Hades crossed one long muscular leg over the other and gave Granwich a long hard look, attempting to quell the unsettled feeling the beautiful Viper had given him.

He hadn’t invited Granwich to come to his house. Hardly anyone was ever granted entry. He shifted in his well-worn leather chair, feeling his body press into its familiar folds.
Damn the man.
Hades had intended to continue reading  a particularly good book by the Roman historian Polybius about Hannibal and his war against the Pergamums whilst he let the beautiful Viper sweat in the kitchen, but Granwich’s visit had put paid to that. 

“I like it like this. And those ‘moldy old books’ are what got your men out of trouble in Corunna.” Hades tapped the heavily scuffed book that lay on the oval table next to him. “If you don’t want my help, go away. I did not invite you here.”

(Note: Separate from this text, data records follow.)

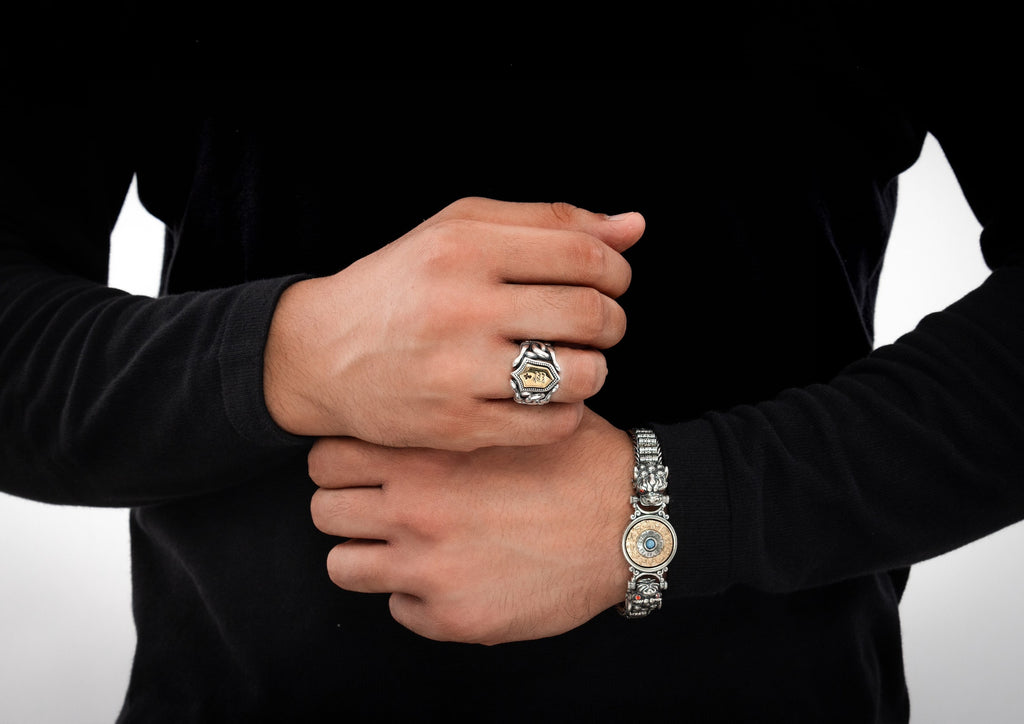 Forever Loved Mens Ring In Silver By Orionz Jewels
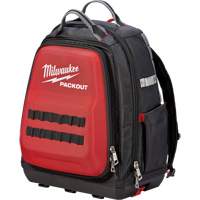 Packout™ Backpack, 15-3/4" L x 11-4/5" W, Black/Red, Ballistic  TEQ863 | TENAQUIP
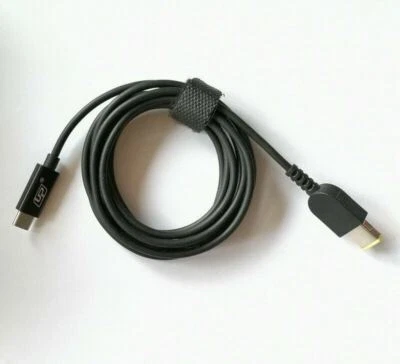 USB-C TYPE C PD to Square male charger cable cord For Lenovo Yoga11S X1 Carbon - Image 1 of 3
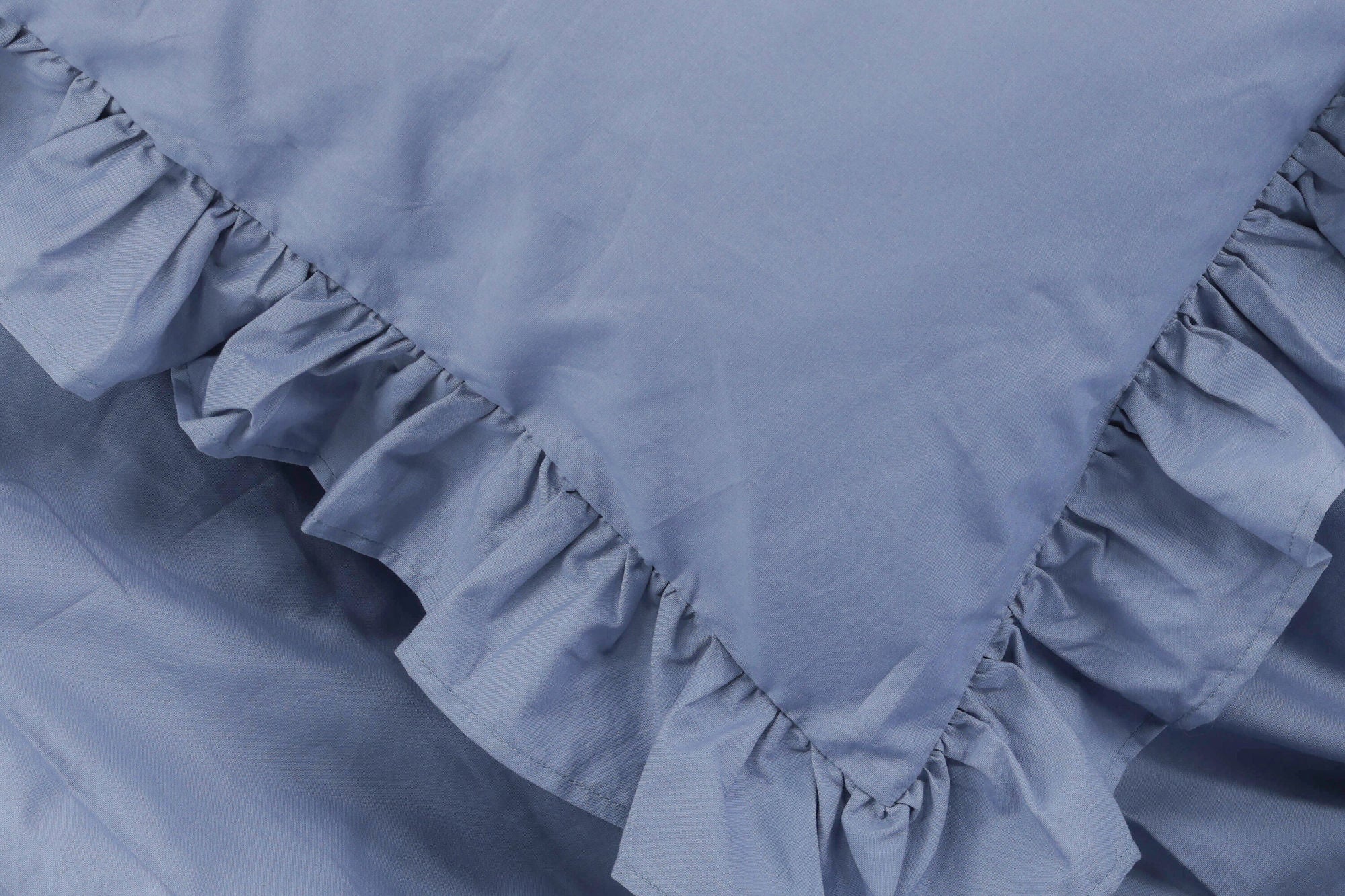 Venture Home Levi Bed Set Cotton w ruffle - Blue - 150*200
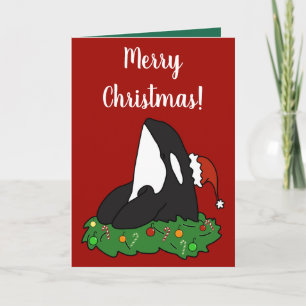 Tarjeta Navidades Orca Killer Whale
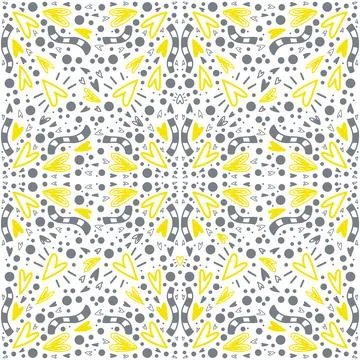 Pattern with hearts for valentines day. Vector seamless pattern Illustrazione stock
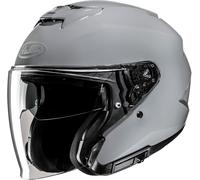 HJC i31 Solid Casco Jet, gris, Talla XL (60/61)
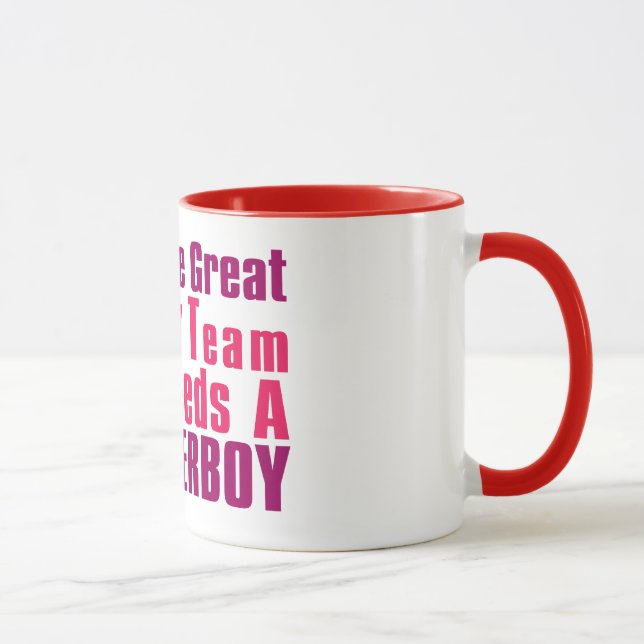 Tasse Waterboy Volleyball en rose (Droite)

Granwich stepped from side to side, looking round the study with quick glances. Hades scratched at his eyebrows; he hadn’t asked Granwich to sit. The study still sat in a gloom, with only a small oil lamp burning on the oval table by Hades. It was the way he
liked
it. And of course it was good for intimidating people he was interrogating. 

Hades frowned. He didn’t seem to have been as good as usual at interrogating the insufferable Viper—

Granwich let out an audible sigh. “I know your strategies allowed us to triumph at Corunna.”

“And Leiria, and Vimeiro, and to think of it, La Bisbal,” Hades pointed out. “You said you wouldn’t need my help again now that the war was over. What was it that old fool said, “We don’t need armchair warriors anymore, we need men on the ground?””

“I, err, privately think that he was perhaps a little peeved, err, shall we say delicately, that you were able to make sense of the battle plans sent from Portugal and—” Granwich wiped his nose again—“provide a strategy from an ancient Chinese script that allowed our army to lure in the French and beat the hell out of them from behind.”

“Those strategies have been used for years in warfare. What’s wrong with using them again?”

“I think if you had been a little less successful, you might have triumphed in the political arena more.” Granwich sniffed.

Hades fell back into his seat. He should have seen it coming. He had only just finished reading a Latin text about Cicero that he had found tucked at the end of his old university texts. The man had had much to say on the art of success, and the strategy of politics. He tapped the book by his side again with an outstretched finger.

He had to admit, he had been hurt when he had saved the day again and again, and then been given the figurative pat on the back and boot out the door as the war ended. He had only just started to regain a sense of peace. It had been badly shattered after his dalliance with Lady Dalston. None of his books had been able to help him
there.

“If I had been less successful, more men would have been killed.” He swung his foot and rubbed his thumb over the nub of his forefinger.
How is she doing down in the kitchen?

Granwich nodded. “Which is why I am here to see you now. Some information that was held at the War Office is missing.”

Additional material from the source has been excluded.